Personally I just want to be fit enough to continue doing the things I already like to do, especially biking, camping, urban exploring, tree climbing, ultimate frisbee, and so on. And it wouldn’t hurt to balance out any excess right arm strength that may have resulted from my, um, lifestyle.

I have even been using the elliptical, a machine I previously thought was only for ladies. It shows you your wattage. I find I can comfortably put out 170 W for ten minutes or so. Watching the wattage fluctuate with effort is not discouraging like watching the "calories burned" meter. Putting out ten minutes of effort only to realize you have "burned" a handful of peanuts is not a fun realization.

Engaging with people as individuals

I made buttons with a bunch of people for the effort to defeat the anti-gay marriage amendment and voter ID amendment this November.

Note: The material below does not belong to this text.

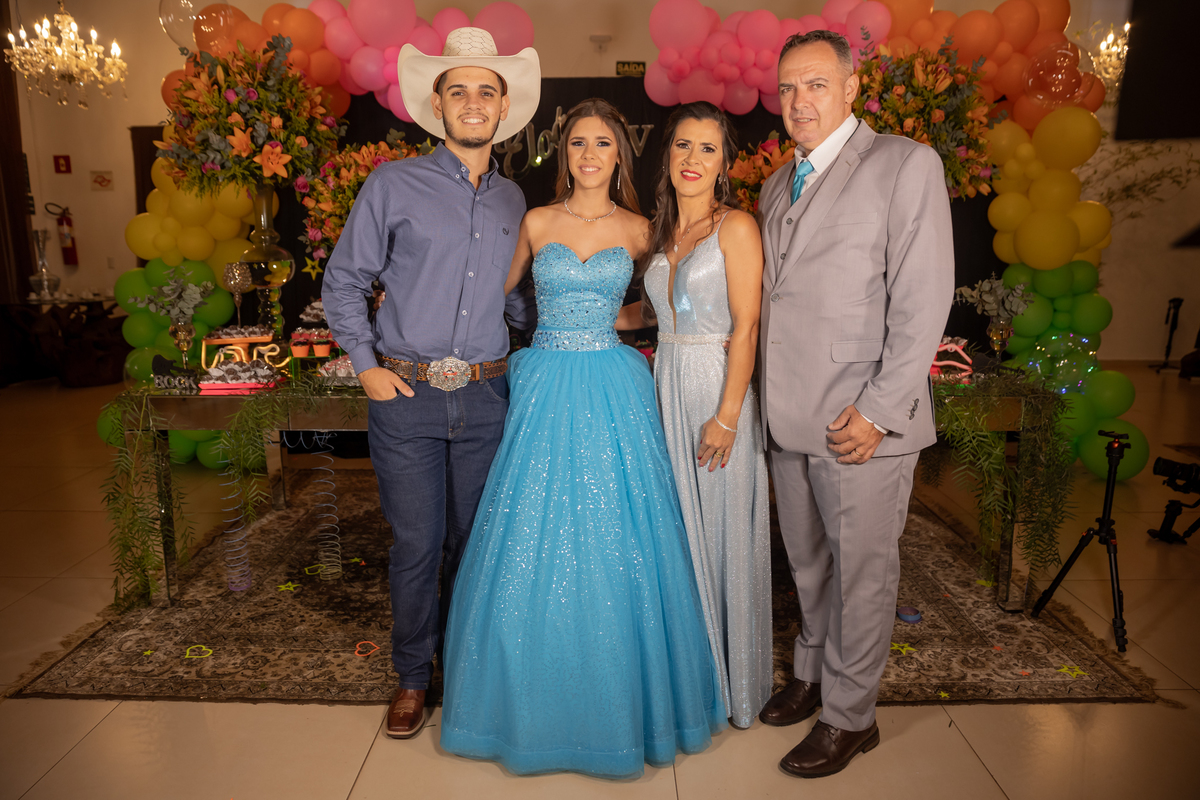 festa debutante pederneiras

They are to be distributed at the Pride Festival next weekend. I was with several people who don’t fit neatly into boxes: there was no telling whether they were gay, lesbian, straight, closeted, or in any of the varying stages of trans-sexuality.

And I thought about how, when people’s roles are fluid and not conventionally defined, you have to engage them as individuals. Your interaction with them is thereby enriched. "Scripts" are abandoned and new possibilities emerge, often beyond expectation.

There is a lot to learn from having a decent conversation with someone who is different from you. Yet people sometimes let their curiosity lead them into rudeness by, for instance, asking a foreigner, "What are you?" and giving them the uncomfortable impression that their features are being studied. In the same vein it is not okay to walk up to a person and say "Hola!" just because he or she appears Hispanic.

The people at this little button-making workshop were very different, but we were all similar in the belief that the right to vote and the right to marry are connected, and both of these issues are on the ballot in the upcoming state constitutional vote this November.